What should have been a fine terrace of houses on the Rinuccini private housing development in Portlaoise, stands unfinished facing onto the main road and backs onto the occupied section of the estate (Photocall)
Nothing captures the despair and destruction left behind by the bursting of Ireland's property bubble better than photos like these.
And there are thousands upon thousands of others.
A website has been created (www.ghostestates.com) which reveals the complete scale of the disaster.
It's a Google-map of Ireland with red pins marking the locations of abandoned building sites.
Click on the pin, and you will see a photograph of the estate or site concerned.
The map of Ireland is covered with red pins - every province, every county, almost every town is represented.
The website was the work of ordinary citizens, but this week an official State study was published which put exact numbers and locations on the problem.

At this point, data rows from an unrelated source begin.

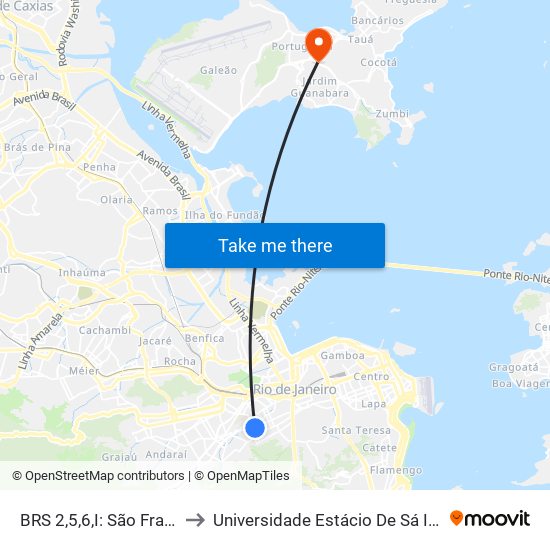 BRS 2,5,6,I: São Francisco Xavier to Universidade Estácio De Sá Ilha Do Governador map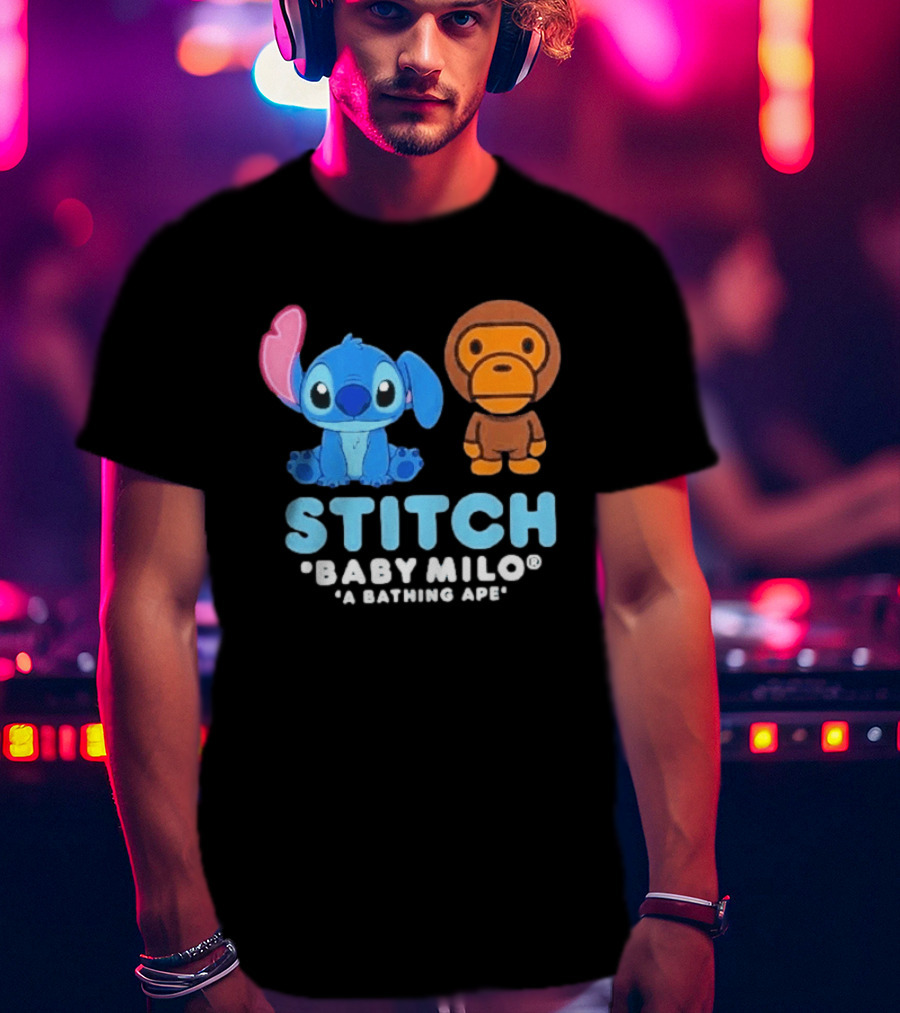 Bape X Disney Stitch Baby Milo A Bathing Ape Collab 2026 T-Shirt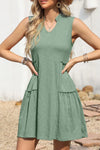 Frill Notched Sleeveless Mini Dress Sage Casual Dresses - Tophatter Daily Deals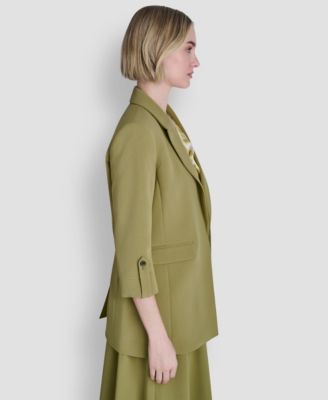 Petite Textured Open Front Blazer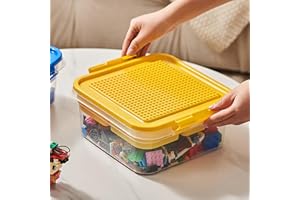 WMM Toys Storage Organizer Bins for Lego, Building Blocks Storage with Building Baseplate Lid, Storage Containers for Building Brick Storage Plastic Stackable Organizer Bin Toy Chest (Yellow)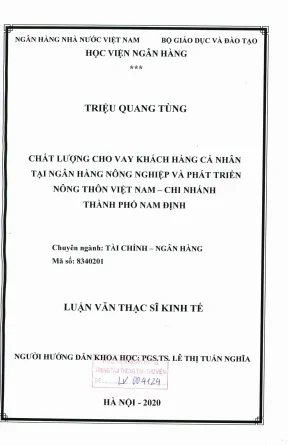 Chất lượng cho vay cá nhân tại Agribank Nam Định: Nghiên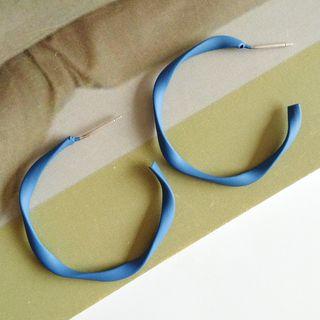Twisted Alloy Open Hoop Earring 1 Pair - S925 Silver Stud Earrings - Blue - One Size
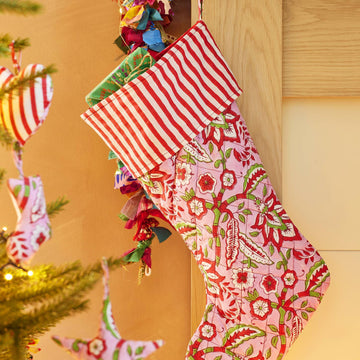 Pink Floral Block Print Christmas Stocking | Fair Trade | 23x45cm - Thedanes.co.uk - Creative & Sustainable Living The Scandinavian Way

The Department of Environment study confirmed there are more than 2,800 ghost estates in Ireland.
Building has started on 120,000 homes in these estates, but only 77,000 are complete and lived in.

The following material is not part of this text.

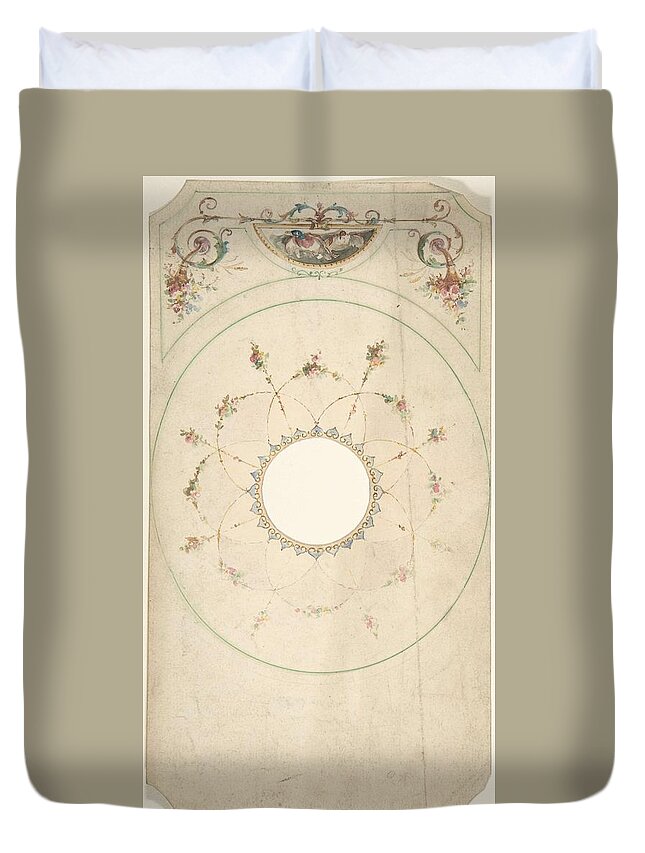 Design Duvet Cover featuring the painting Ceiling Design with Center Cut Out Attributed to J. S. Pearse British, active 1854-68 by J S Pearse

That means there are 33,000 empty, vacant, unsold or incomplete houses and apartments across the country.
Ten thousand of these houses are in the early stages of construction and have been completely abandoned.
In fact, builders are only continuing to work in one-in-six of the ghost estates.
The report breaks down the figures, county-by-county.
Worst affected are Carlow, Leitrim, Roscommon, Sligo and Longford.
Cork has the most unsold homes with 3,427.
But it's not just the empty or abandoned houses that are the problem - the real victims are those who bought houses or apartments in Phase 1 of the developments.
In many cases, homeowners who live on estates where building work has ceased have also been abandoned and left without essential services.
Sewers have been left open on the sites, water is contaminated and security lax.
Thousands of homes are not served by roads, paths and public lighting - many of these essentials would be "finishing touches", undertaken by developers when the entire estate was completed.

The Battery Court luxury new housing development in Longford Town lays unfinished (Photocall)
An expert group has now been set up to look at how to deal with the problem.
It comprises, among others, local authorities, NAMA (the agency set up to take over non-performing loans from banks and pursue developers - it will end up owning many of these estates), representatives of the Construction Industry and health and safety authorities.
The choices they face are stark.
Experts say it could cost up to one billion euro to complete all the estates on which work has begun.
There is simply no money to do this, nor is there a market for all the houses if completed.
A portion of the houses will be taken over by NAMA, and completed and sold for as much as they can get.
Others will be allocated to social housing - good news for those on waiting lists, but perhaps not what many of those who bought houses in these estates for inflated prices were expecting when they took out their massive mortgages.
There has been talk of converting some ghost estates that are near completion into hospice or nursing home communities.
But the awful truth is that hundreds if not thousands of these properties will simply bulldozed to the ground - symbols of the foolishness and recklessness that has brought Ireland to its knees.